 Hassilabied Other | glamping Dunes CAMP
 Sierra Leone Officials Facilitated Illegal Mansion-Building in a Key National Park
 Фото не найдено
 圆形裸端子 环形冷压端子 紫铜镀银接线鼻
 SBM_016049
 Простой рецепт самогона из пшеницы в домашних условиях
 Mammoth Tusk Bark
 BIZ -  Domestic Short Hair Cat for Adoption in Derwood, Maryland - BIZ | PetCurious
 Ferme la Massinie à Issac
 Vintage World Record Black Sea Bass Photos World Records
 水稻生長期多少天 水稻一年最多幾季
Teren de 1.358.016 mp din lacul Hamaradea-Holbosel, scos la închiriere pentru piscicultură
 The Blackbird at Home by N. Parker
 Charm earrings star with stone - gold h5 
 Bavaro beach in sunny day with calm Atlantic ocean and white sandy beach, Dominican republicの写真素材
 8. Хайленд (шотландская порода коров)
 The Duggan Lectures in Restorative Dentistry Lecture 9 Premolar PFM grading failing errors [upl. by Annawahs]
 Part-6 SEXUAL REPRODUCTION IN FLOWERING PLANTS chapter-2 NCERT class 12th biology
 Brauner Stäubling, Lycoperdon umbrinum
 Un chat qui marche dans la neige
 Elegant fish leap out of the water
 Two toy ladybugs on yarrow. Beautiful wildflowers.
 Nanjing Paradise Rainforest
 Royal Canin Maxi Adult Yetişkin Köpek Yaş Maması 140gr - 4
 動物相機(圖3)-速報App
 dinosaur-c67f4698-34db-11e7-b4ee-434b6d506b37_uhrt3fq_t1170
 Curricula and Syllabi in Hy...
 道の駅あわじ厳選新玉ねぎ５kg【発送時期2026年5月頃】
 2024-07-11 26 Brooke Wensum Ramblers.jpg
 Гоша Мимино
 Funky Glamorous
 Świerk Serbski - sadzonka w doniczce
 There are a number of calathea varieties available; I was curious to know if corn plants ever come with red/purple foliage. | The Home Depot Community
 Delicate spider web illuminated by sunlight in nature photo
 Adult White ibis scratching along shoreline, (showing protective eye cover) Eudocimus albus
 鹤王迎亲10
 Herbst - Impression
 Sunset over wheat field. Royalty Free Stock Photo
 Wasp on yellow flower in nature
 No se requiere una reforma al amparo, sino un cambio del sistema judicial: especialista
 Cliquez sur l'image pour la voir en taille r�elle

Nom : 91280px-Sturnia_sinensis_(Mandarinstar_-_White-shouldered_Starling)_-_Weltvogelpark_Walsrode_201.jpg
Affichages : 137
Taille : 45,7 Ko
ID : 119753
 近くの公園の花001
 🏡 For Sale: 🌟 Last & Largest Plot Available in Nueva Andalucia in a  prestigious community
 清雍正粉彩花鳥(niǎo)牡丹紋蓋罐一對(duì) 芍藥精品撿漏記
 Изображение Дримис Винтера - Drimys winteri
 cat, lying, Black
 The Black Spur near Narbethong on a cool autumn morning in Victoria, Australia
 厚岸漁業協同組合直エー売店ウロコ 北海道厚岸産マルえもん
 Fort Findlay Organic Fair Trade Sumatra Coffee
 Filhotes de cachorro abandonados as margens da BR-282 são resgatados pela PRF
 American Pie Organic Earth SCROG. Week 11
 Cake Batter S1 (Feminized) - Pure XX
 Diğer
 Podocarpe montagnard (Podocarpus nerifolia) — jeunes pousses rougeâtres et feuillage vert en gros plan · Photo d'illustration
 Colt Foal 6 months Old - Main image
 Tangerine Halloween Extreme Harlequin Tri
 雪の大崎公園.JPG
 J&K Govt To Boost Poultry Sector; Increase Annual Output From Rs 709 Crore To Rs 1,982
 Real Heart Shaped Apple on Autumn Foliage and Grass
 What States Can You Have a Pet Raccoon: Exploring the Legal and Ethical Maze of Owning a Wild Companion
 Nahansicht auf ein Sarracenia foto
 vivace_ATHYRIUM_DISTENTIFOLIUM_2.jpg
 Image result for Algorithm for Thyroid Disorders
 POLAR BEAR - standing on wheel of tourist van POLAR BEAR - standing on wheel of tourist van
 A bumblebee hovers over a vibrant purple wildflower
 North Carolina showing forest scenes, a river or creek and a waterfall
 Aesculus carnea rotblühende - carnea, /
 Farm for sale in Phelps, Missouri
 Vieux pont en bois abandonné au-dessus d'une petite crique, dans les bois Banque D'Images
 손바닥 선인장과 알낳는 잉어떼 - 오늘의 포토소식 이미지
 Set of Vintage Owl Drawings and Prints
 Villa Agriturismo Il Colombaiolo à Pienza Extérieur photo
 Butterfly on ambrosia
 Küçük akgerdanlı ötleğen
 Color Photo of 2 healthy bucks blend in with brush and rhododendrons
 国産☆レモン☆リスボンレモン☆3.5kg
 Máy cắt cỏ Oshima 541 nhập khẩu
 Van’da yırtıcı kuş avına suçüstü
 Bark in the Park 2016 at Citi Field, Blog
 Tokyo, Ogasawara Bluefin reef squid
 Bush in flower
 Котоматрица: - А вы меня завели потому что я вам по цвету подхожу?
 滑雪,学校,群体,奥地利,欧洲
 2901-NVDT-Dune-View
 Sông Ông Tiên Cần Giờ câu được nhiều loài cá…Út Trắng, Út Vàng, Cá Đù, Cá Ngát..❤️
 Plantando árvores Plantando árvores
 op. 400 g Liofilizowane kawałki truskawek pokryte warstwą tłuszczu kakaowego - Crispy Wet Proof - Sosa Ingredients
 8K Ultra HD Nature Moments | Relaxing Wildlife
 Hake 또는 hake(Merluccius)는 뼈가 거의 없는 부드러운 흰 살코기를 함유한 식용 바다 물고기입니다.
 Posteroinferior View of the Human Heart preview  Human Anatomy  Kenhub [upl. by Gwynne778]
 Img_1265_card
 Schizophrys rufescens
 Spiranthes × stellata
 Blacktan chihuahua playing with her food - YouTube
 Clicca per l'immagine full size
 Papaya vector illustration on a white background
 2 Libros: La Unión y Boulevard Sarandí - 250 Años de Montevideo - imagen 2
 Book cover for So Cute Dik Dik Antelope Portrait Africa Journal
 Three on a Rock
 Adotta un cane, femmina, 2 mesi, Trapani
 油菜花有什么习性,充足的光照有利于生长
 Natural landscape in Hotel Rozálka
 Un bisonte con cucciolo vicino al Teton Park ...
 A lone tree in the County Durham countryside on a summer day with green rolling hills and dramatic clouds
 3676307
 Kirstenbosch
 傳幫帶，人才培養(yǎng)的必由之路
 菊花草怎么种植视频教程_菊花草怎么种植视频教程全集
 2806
----
▶ [ASSIGNMENT]
Only the lines from the one holding "Color Photo of" through the end of the listing should appear in the response, each restated exactly.

▶ [THE ANSWER]
 Color Photo of 2 healthy bucks blend in with brush and rhododendrons
 国産☆レモン☆リスボンレモン☆3.5kg
 Máy cắt cỏ Oshima 541 nhập khẩu
 Van’da yırtıcı kuş avına suçüstü
 Bark in the Park 2016 at Citi Field, Blog
 Tokyo, Ogasawara Bluefin reef squid
 Bush in flower
 Котоматрица: - А вы меня завели потому что я вам по цвету подхожу?
 滑雪,学校,群体,奥地利,欧洲
 2901-NVDT-Dune-View
 Sông Ông Tiên Cần Giờ câu được nhiều loài cá…Út Trắng, Út Vàng, Cá Đù, Cá Ngát..❤️
 Plantando árvores Plantando árvores
 op. 400 g Liofilizowane kawałki truskawek pokryte warstwą tłuszczu kakaowego - Crispy Wet Proof - Sosa Ingredients
 8K Ultra HD Nature Moments | Relaxing Wildlife
 Hake 또는 hake(Merluccius)는 뼈가 거의 없는 부드러운 흰 살코기를 함유한 식용 바다 물고기입니다.
 Posteroinferior View of the Human Heart preview  Human Anatomy  Kenhub [upl. by Gwynne778]
 Img_1265_card
 Schizophrys rufescens
 Spiranthes × stellata
 Blacktan chihuahua playing with her food - YouTube
 Clicca per l'immagine full size
 Papaya vector illustration on a white background
 2 Libros: La Unión y Boulevard Sarandí - 250 Años de Montevideo - imagen 2
 Book cover for So Cute Dik Dik Antelope Portrait Africa Journal
 Three on a Rock
 Adotta un cane, femmina, 2 mesi, Trapani
 油菜花有什么习性,充足的光照有利于生长
 Natural landscape in Hotel Rozálka
 Un bisonte con cucciolo vicino al Teton Park ...
 A lone tree in the County Durham countryside on a summer day with green rolling hills and dramatic clouds
 3676307
 Kirstenbosch
 傳幫帶，人才培養(yǎng)的必由之路
 菊花草怎么种植视频教程_菊花草怎么种植视频教程全集
 2806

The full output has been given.